8 Corn: For coldwater commercial carping there are few baits to beat a simple grain or two of sweetcorn. Corn is easily digested, highly visible, even in coloured water and unlike maggots, resistant to the attentions of small silvers. A couple of grains hair-rigged through the middle sit perfectly on a size 18 hook but, if the going is really tough, a single grain presented lengthwise on a size 20 should do the trick.
9 Liquids: Solid PVA bags are not just for filling with solid baits. The tactic of filling bags with neat liquid flavours and attractors has brought winter bites by giving a massive explosion of attraction with no feed. Use PVA-friendly mixes and experiment with different mixes: condensed milk combined with chocolate malt is a good starter for carp.

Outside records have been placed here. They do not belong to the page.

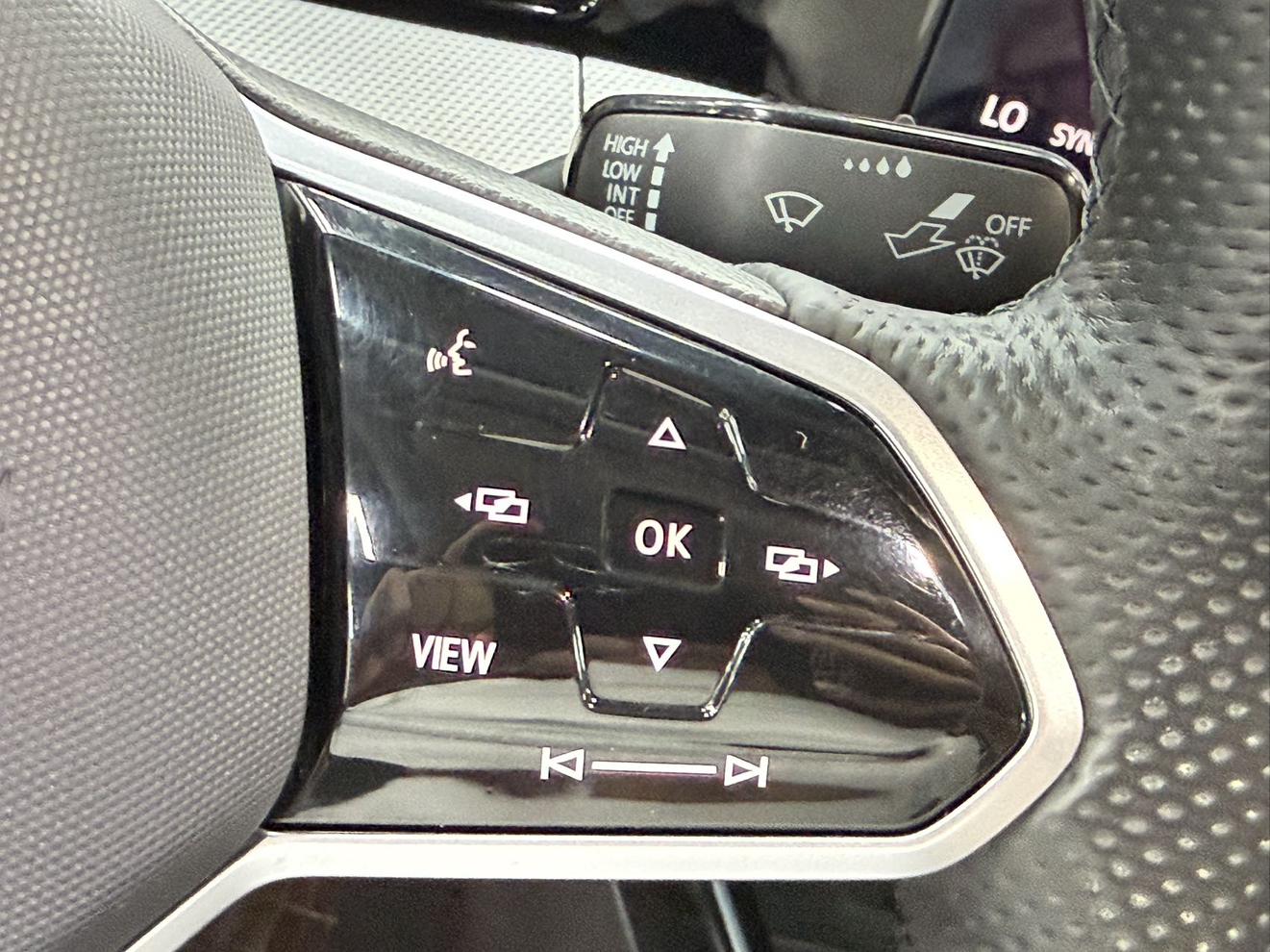 Volkswagen Lamando 2023 thumb 8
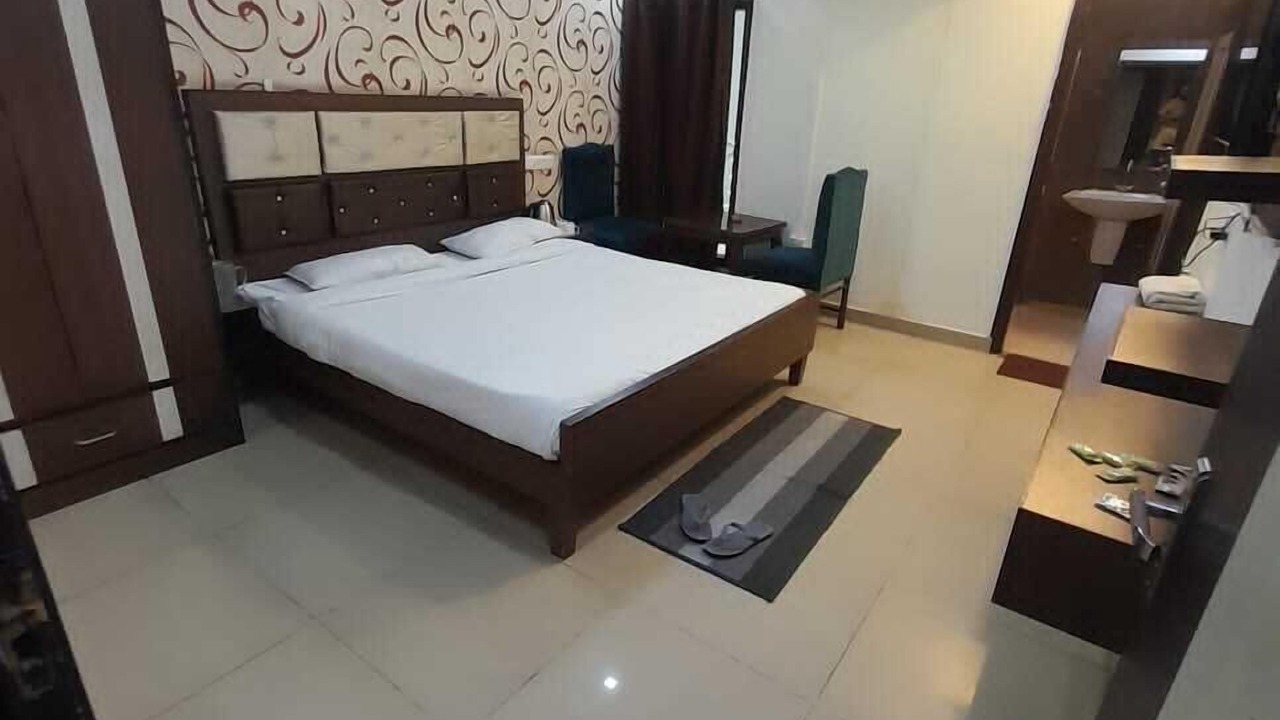 Photo of Bedroom in Nalagarh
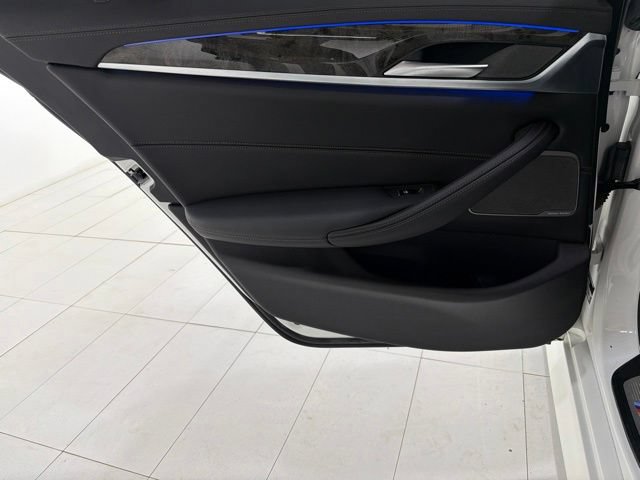 Used 2022 BMW M550i xDrive w/ Premium Package AWD/4WD image 15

10 Peperami: The spicy meat snack ticks all of the boxes when it comes to winter fishing, despite the fact it is on the oily side. Highly attractive to carp, chub and barbel it can be whittled down to tiny chunks for use with scaled down line and small hooks, yet it still packs a serious punch in terms of attraction once the outer skin is sliced off. Try a thin slice as a topper for half a 10 mm pop-up boilie for excellent winter carp results.